◆ Exercise instructions:
Only the lines from the start of the data through the line containing "Kemerli Piliseli Aerobin Elbise Camel HM2339" should be written out, exactly as they are, with both ends included and the pictures left out.

◆ Data provided:
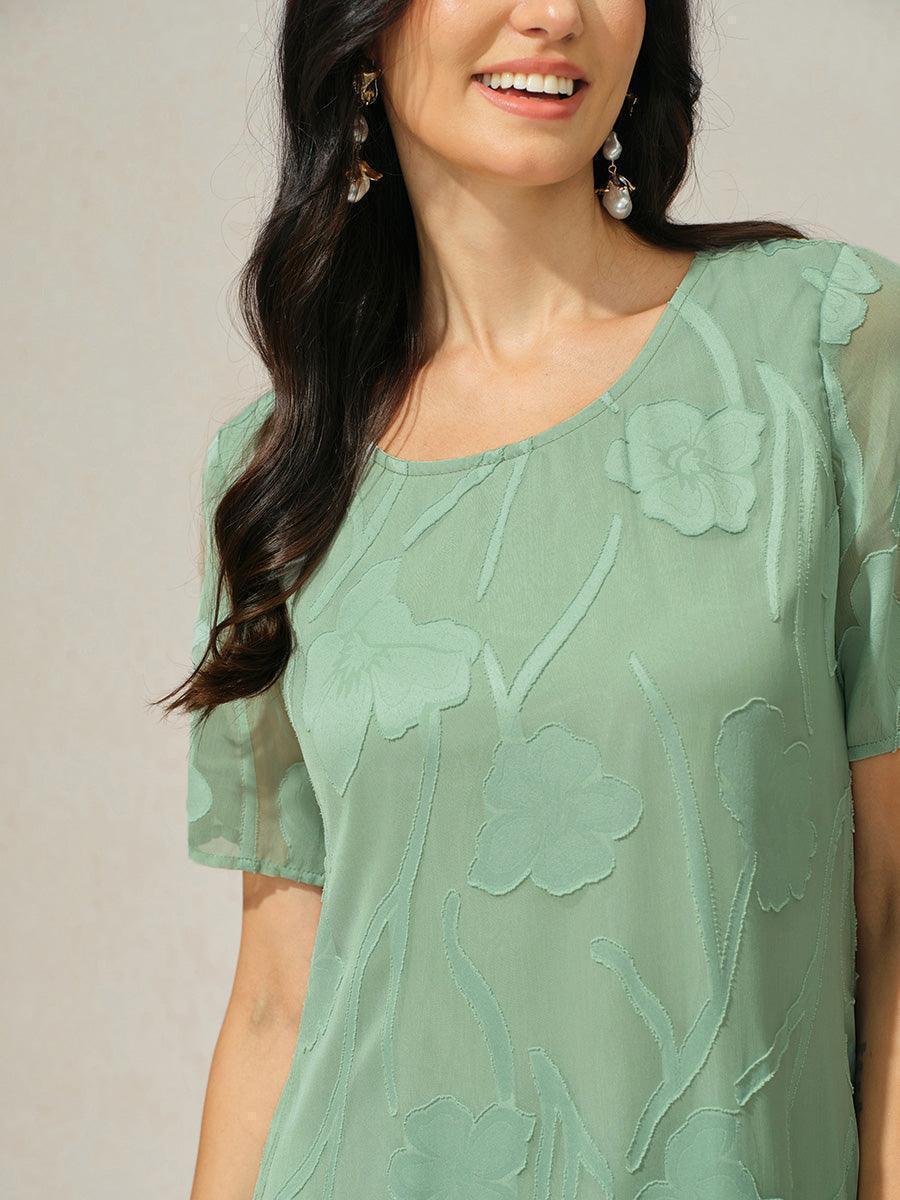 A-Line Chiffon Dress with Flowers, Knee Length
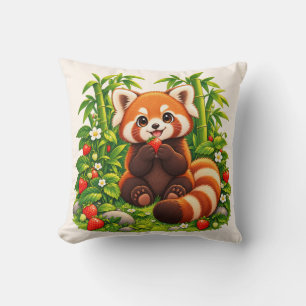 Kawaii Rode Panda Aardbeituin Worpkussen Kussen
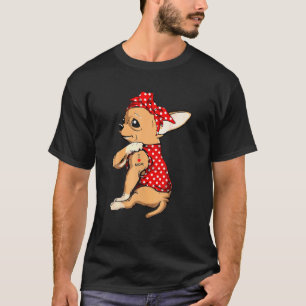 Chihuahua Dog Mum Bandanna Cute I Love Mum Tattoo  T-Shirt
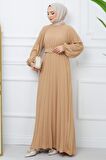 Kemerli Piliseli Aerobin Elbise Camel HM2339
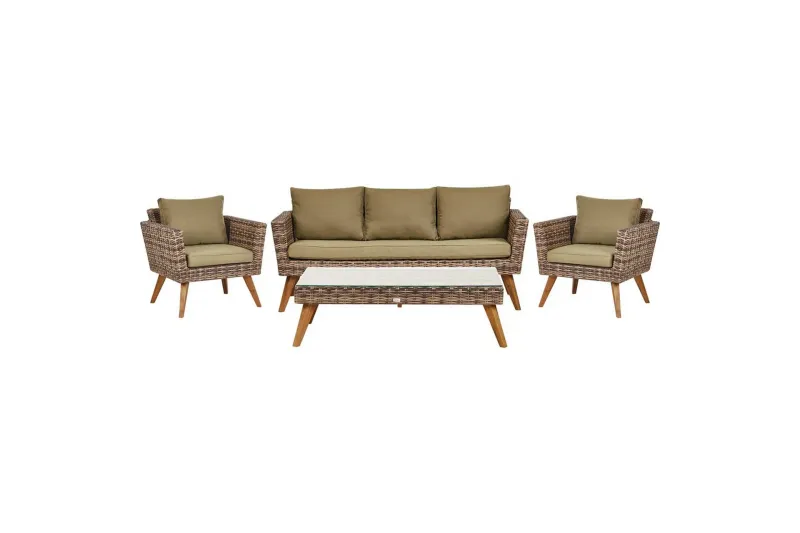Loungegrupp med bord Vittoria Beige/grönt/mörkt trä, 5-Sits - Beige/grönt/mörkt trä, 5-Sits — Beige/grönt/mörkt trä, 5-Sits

◆ Reply:
 A-Line Chiffon Dress with Flowers, Knee Length
 Kawaii Rode Panda Aardbeituin Worpkussen Kussen
 Chihuahua Dog Mum Bandanna Cute I Love Mum Tattoo  T-Shirt
 Kemerli Piliseli Aerobin Elbise Camel HM2339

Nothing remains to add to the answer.